À travers les jardins, nous rejoignons les sections déjà déployées pour l’attaque. C’est derrière un talus que la suite de Mansard est déployée : coureurs, brancardiers, section de réserve.
Allons-nous mieux réussir que nos camarades du 2e Bataillon ? Où allons-nous rejoindre les morts qui gisent devant nous, dans la prairie montante ?
Notre artillerie vient de déclencher un feu assez violent, mais nous convenons tous qu’il est insuffisant. Les 75 passent avec rage, rasant nos têtes qui s’inclinent comme pour les saluer. Ils s’abattent dans un petit vallon en bordure de la lisière des jardins du village. Plus loin, un plateau peu élevé où le boche, le doigt sur la gâchette, va surveiller notre sortie.
Subitement, les Compagnies se sont levées et partent à l’assaut. À travers les jardins, les hommes enjambent haies, balustrades, barrières, et par petites colonnes pénètrent dans le vallon. Quelques obus éclatent çà et là mais sans méchanceté. Le Bataillon s’est déployé en tirailleurs et mes coureurs espacés de 5 mètres forment un éventail autour du lieutenant. La progression s’effectue sans un seul coup de feu, mais là-haut ? Ces boqueteaux que nos yeux fixent que cachent-ils ? Les gerbes de nos obus forment devant nous une ligne de flocons noirs.
━ Je crois que les Fritz ont mis les bouts, s’écrie Anthoine.
━ T’as des visions ! t’ends un peu ! tu vas voir là-haut comment va finir la ballade. Le Fritz y n’est pas cinglé, il a pris un bon champ de tir pour nous attendre, lui répond son voisin.
Sur le plateau que nous allons atteindre les balles sifflent. Cependant le boche semble encore loin et l’avance s’effectue sans casse.
La ligne d’assaut est admirablement déployée et une impression de force se dégage de cette unité aguerrie qui avance sous le feu de l’ennemi.
Un boqueteau vient d’apparaître et le tir de l’ennemi devient plus précis et meurtrier, des hommes se couchent dans l’immobilité. Encore quelques mètres et la première vague vient de se coucher devant nous. Les balles claquent furieusement, des corps culbutent. Je signale au lieutenant un talus à droite. Cassés en deux, filons vers ce havre. Étendus, nous sommes ici bien abrités.
Couché sur le dos, Mansard déplie sa carte et cherche à comprendre sa position. Vacher lui montre du doigt l’emplacement des mitrailleuses ennemies ; elles sont devant nous vers la gauche. Si nous voulons avancer il faut les déloger, car il est impossible de lever la tête.
À la tête d’une patrouille Vacher est parti.

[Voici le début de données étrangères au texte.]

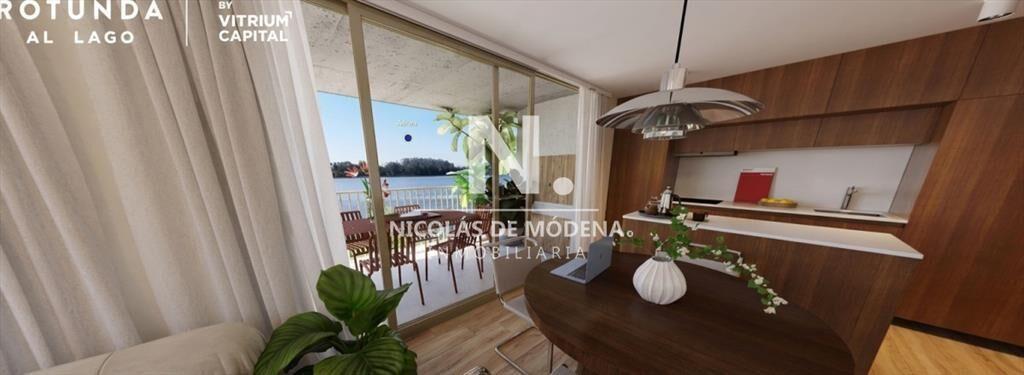 Apartamento de 1 Dormitorio en la Zona de Lagos.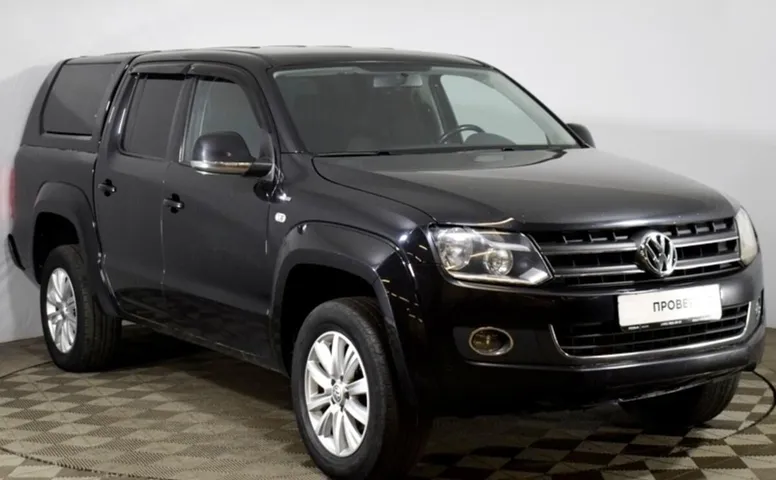 Volkswagen Amarok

Il s’est glissé par le ravin de droite et va essayer de tourner le centre de résistance. En attendant les hommes sortent les pipes et jasent entre eux. L’arrivée du major Olivier et de ses brancardiers est un intermède comique. Voir les copains, ramper, s’essouffler, sauter, grimacer sous des balles étant soi-même bien à l’abri est une scène qui nous amuse. C’est féroce, mais comme on y passe à tour de rôle on peut bien en rire.
L’homme Porte-pigeons, le Colombophile arrive ensuite avec sa cage à oiseaux sur le dos. Il remporte lui aussi un franc succès.
C’est au tour du commandant Alaret, adjoint au colonel qui vient aider le lieutenant Mansart de ses conseils.
Sans répit les balles balaient le faite de notre talus en claquant comme si elles explosaient. Nous appréhendons le moment de la sortie, si Vacher ne réussit pas. Dans un trou, le commandant Alaret, le lieutenant Mansart et le lieutenant Muller, de la 1re Compagnie, échangent leurs impressions. Cette situation ne peut durer.
Spontanément la fusillade vient de cesser.
━ En avant !
Comme soulevé par le même ressort, toute la ligne s’est dressée et la progression reprend, cela grâce à Vacher.